Stored items

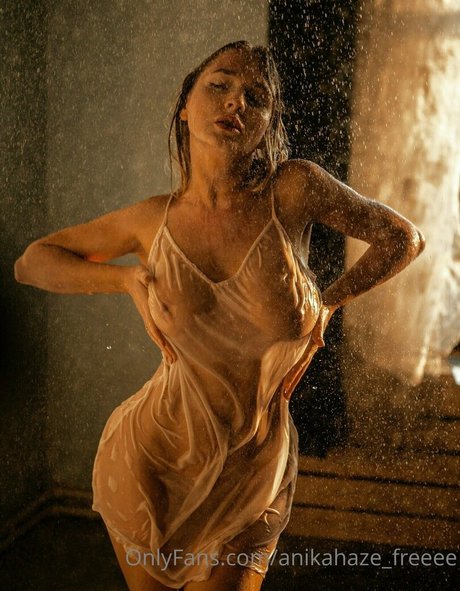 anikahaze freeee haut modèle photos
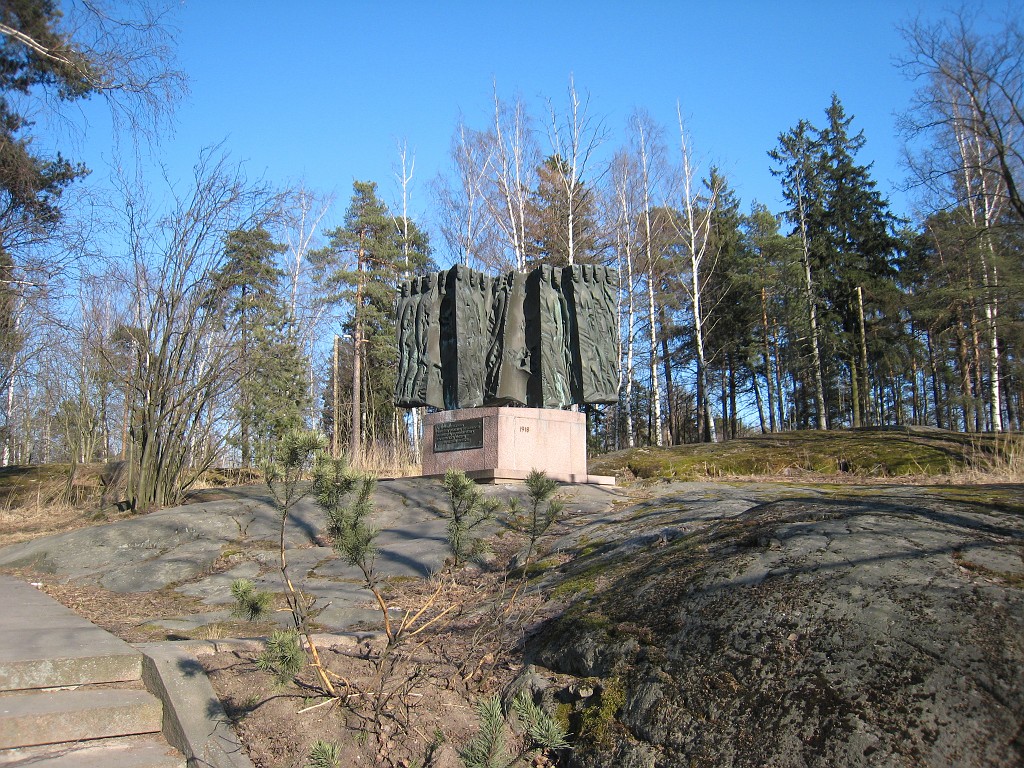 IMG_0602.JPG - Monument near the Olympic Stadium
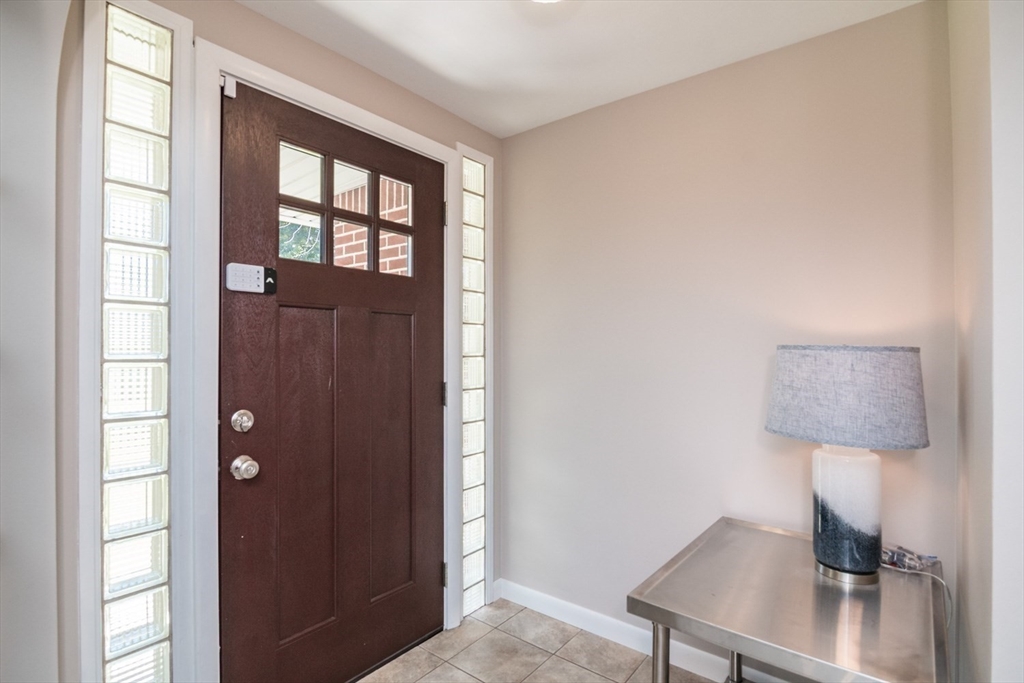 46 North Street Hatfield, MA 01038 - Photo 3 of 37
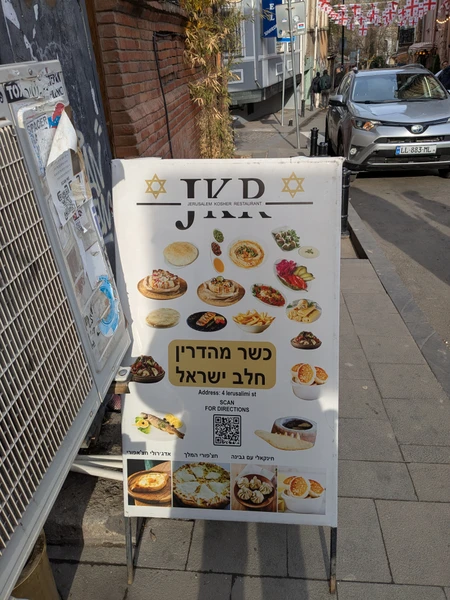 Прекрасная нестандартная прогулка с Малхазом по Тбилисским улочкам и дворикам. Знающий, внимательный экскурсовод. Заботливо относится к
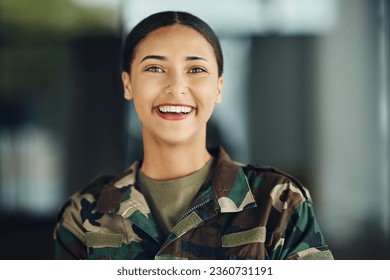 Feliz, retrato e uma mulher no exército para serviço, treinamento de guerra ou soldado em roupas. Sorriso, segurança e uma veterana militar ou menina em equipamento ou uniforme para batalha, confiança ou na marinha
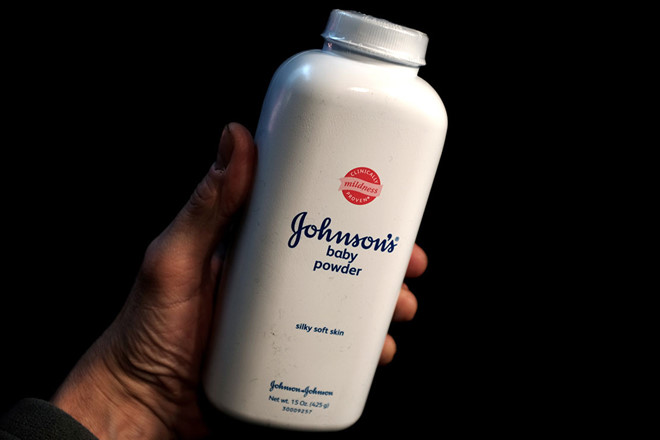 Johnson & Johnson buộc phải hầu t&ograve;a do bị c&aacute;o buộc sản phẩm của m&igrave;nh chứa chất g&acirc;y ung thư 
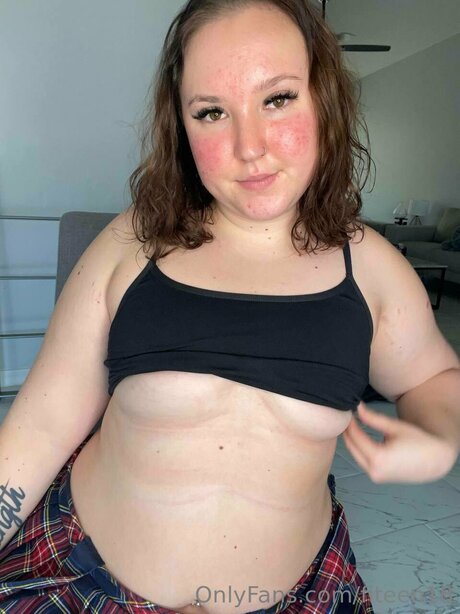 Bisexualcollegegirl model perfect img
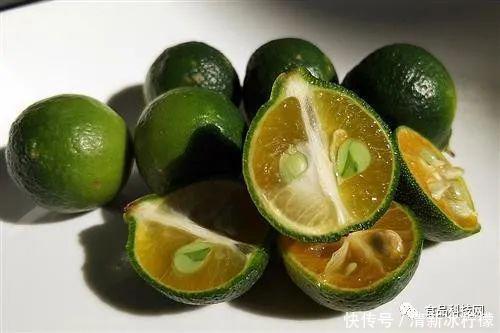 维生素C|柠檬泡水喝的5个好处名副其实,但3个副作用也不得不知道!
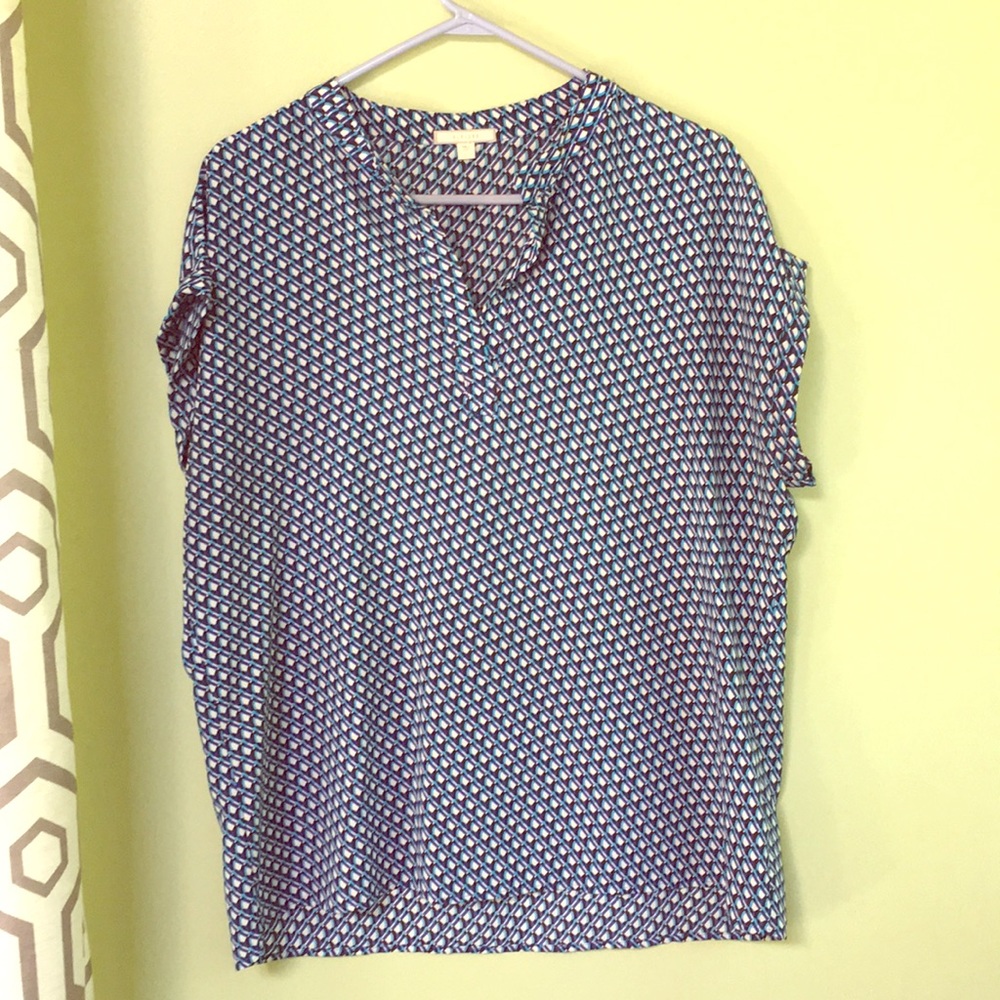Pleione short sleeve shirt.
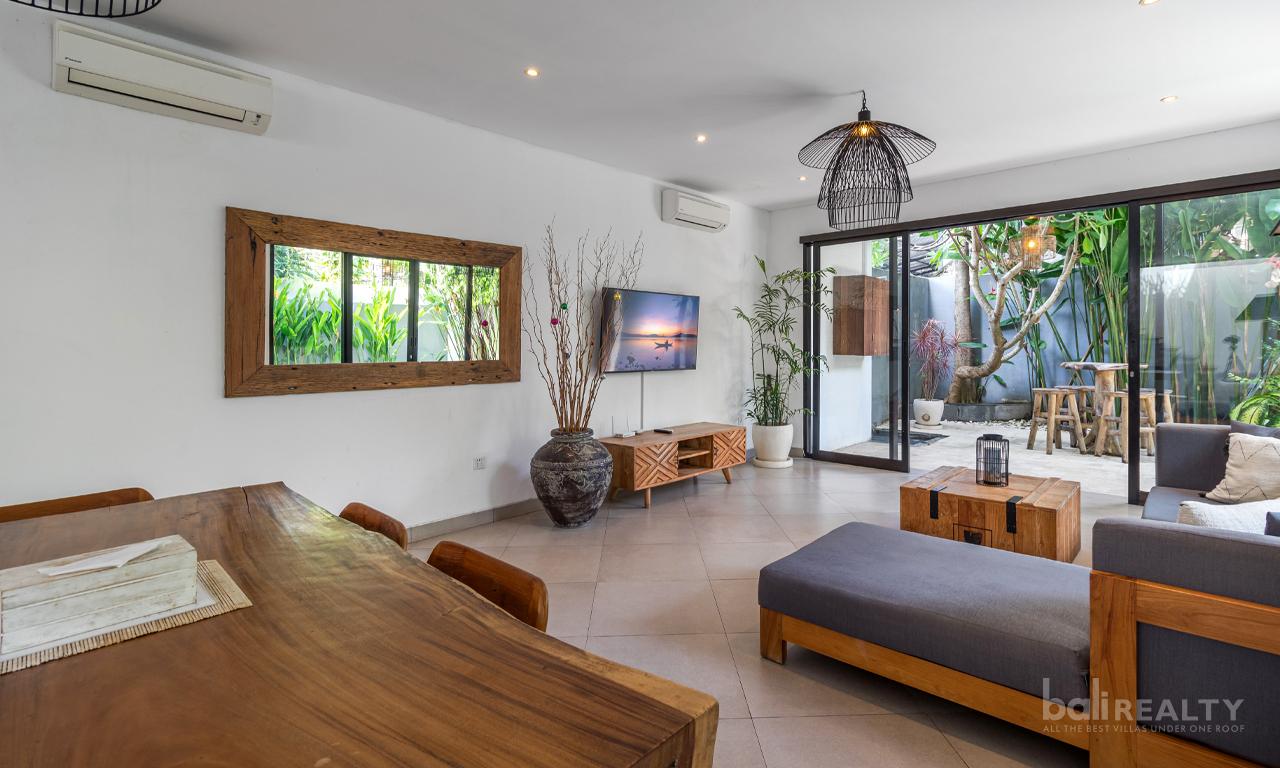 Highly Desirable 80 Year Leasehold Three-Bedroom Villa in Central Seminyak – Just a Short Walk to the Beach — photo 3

How to complete this task —
Skip every picture and transcribe the data above exactly.

Written solution —
 anikahaze freeee haut modèle photos
 IMG_0602.JPG - Monument near the Olympic Stadium
 46 North Street Hatfield, MA 01038 - Photo 3 of 37
 Прекрасная нестандартная прогулка с Малхазом по Тбилисским улочкам и дворикам. Знающий, внимательный экскурсовод. Заботливо относится к
 Feliz, retrato e uma mulher no exército para serviço, treinamento de guerra ou soldado em roupas. Sorriso, segurança e uma veterana militar ou menina em equipamento ou uniforme para batalha, confiança ou na marinha
 Johnson & Johnson buộc phải hầu t&ograve;a do bị c&aacute;o buộc sản phẩm của m&igrave;nh chứa chất g&acirc;y ung thư 
 Bisexualcollegegirl model perfect img
 维生素C|柠檬泡水喝的5个好处名副其实,但3个副作用也不得不知道!
Pleione short sleeve shirt.
 Highly Desirable 80 Year Leasehold Three-Bedroom Villa in Central Seminyak – Just a Short Walk to the Beach — photo 3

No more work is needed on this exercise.